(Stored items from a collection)
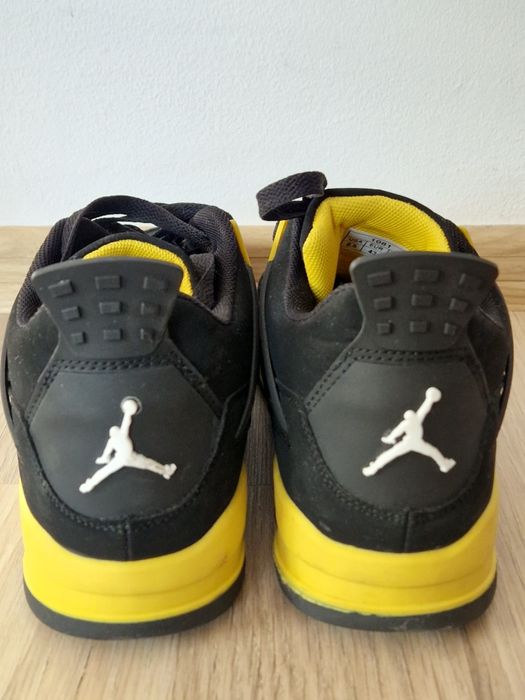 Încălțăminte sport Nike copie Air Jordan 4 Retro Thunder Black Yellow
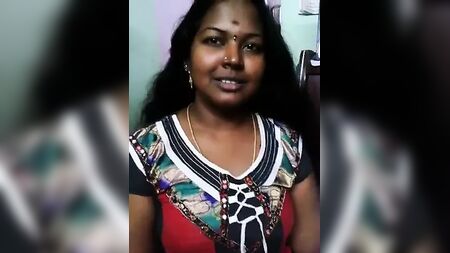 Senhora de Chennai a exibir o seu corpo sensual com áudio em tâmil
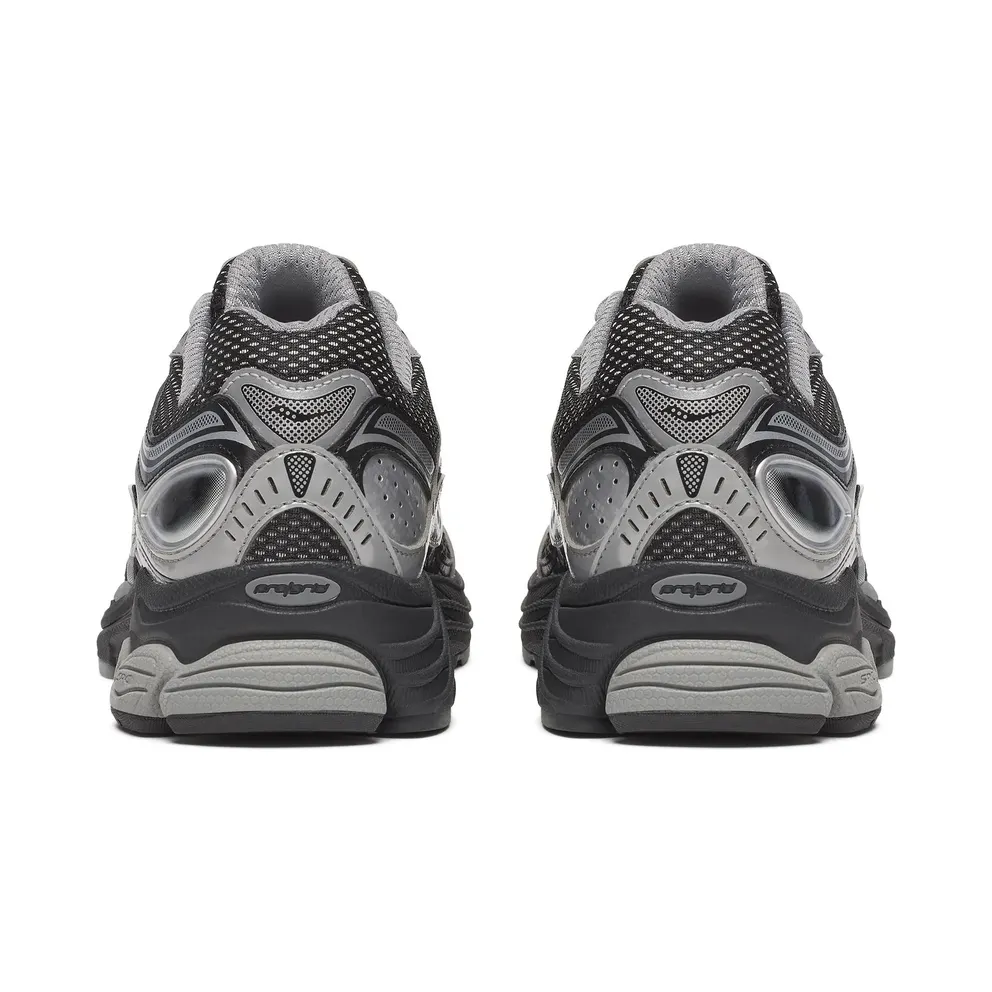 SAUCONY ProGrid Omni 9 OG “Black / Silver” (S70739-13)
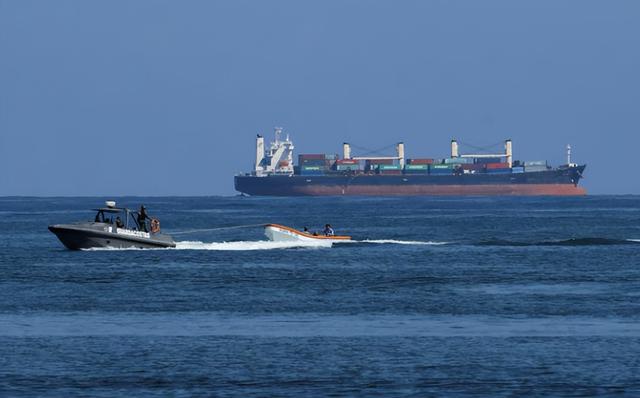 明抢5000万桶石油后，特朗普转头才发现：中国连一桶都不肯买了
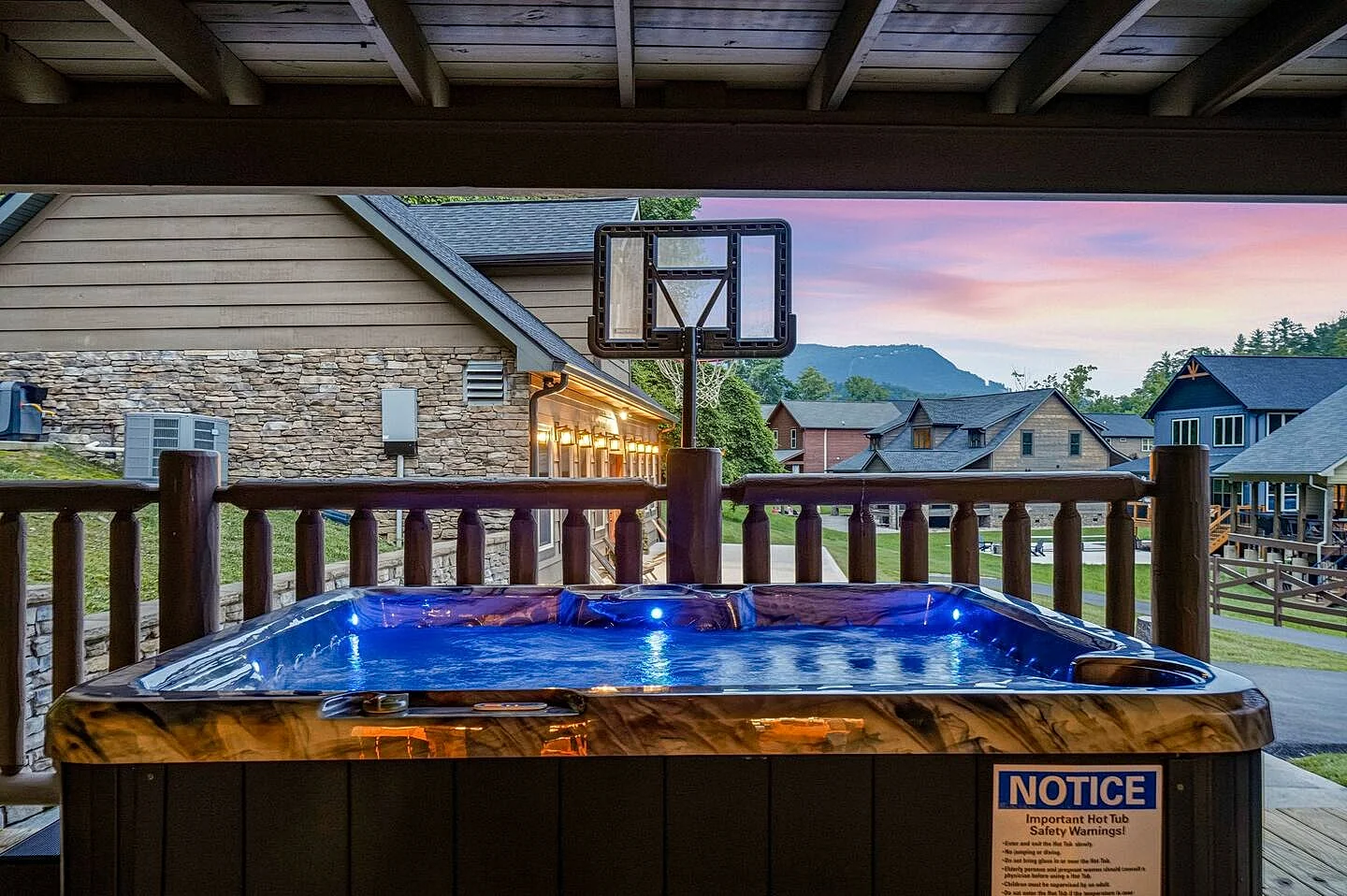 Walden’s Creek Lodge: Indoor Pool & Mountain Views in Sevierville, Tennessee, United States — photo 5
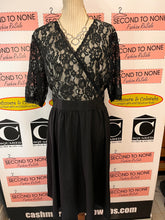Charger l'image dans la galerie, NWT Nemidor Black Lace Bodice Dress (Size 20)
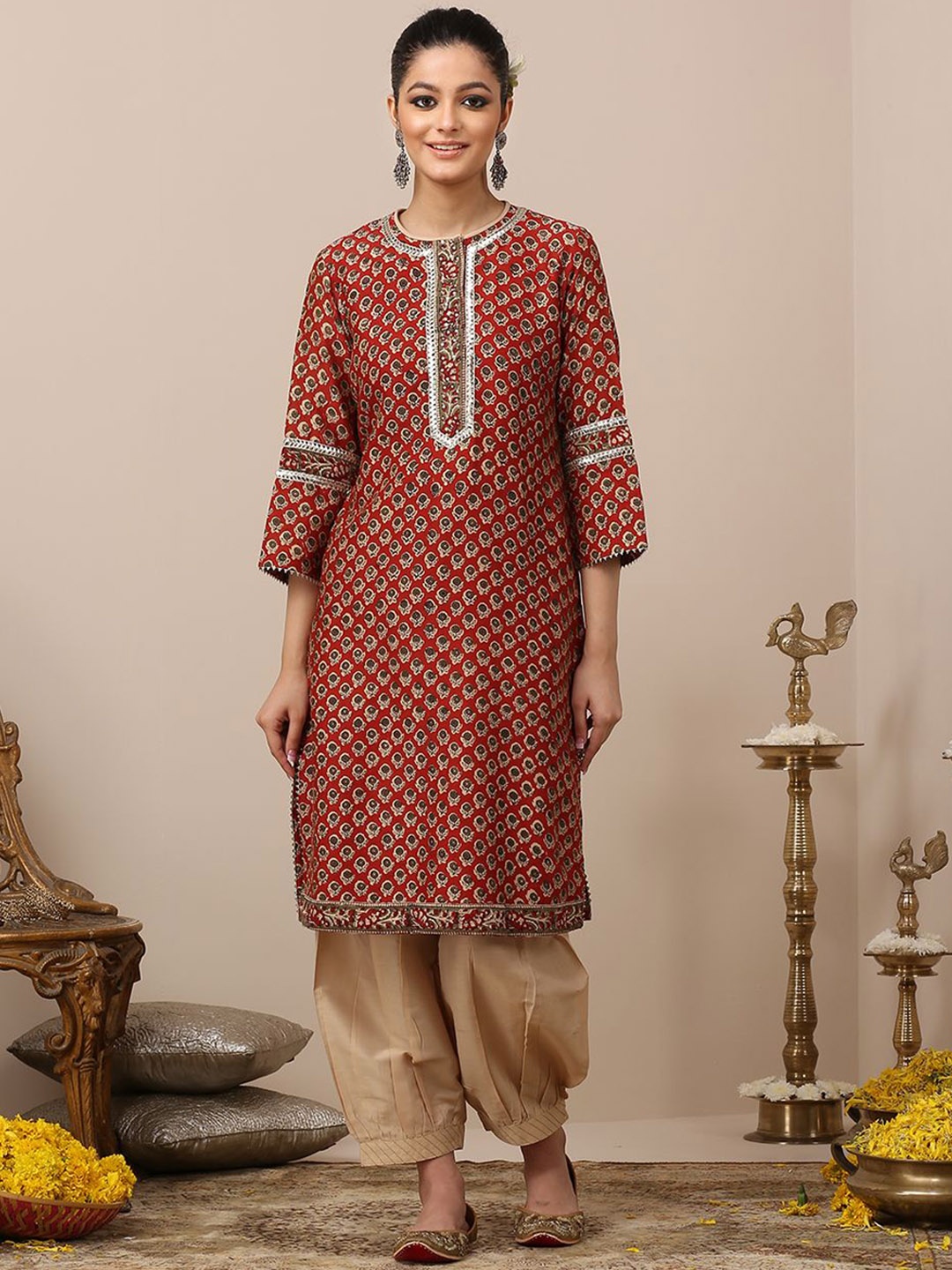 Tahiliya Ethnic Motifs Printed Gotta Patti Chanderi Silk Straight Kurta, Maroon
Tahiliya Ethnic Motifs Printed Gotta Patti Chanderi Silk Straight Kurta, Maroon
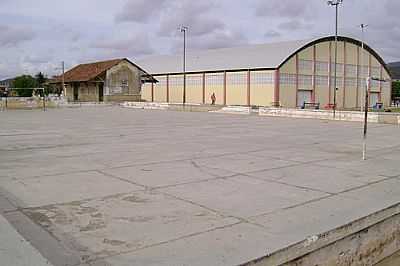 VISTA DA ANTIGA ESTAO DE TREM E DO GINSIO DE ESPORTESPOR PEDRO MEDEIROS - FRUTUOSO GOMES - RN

» The task: Since only the text is wanted, repeat all the records above exactly and omit the pictures.

» Task response:
 Încălțăminte sport Nike copie Air Jordan 4 Retro Thunder Black Yellow
 Senhora de Chennai a exibir o seu corpo sensual com áudio em tâmil
 SAUCONY ProGrid Omni 9 OG “Black / Silver” (S70739-13)
 明抢5000万桶石油后，特朗普转头才发现：中国连一桶都不肯买了
 Walden’s Creek Lodge: Indoor Pool & Mountain Views in Sevierville, Tennessee, United States — photo 5
Charger l'image dans la galerie, NWT Nemidor Black Lace Bodice Dress (Size 20)
 Tahiliya Ethnic Motifs Printed Gotta Patti Chanderi Silk Straight Kurta, Maroon
Tahiliya Ethnic Motifs Printed Gotta Patti Chanderi Silk Straight Kurta, Maroon
 VISTA DA ANTIGA ESTAO DE TREM E DO GINSIO DE ESPORTESPOR PEDRO MEDEIROS - FRUTUOSO GOMES - RN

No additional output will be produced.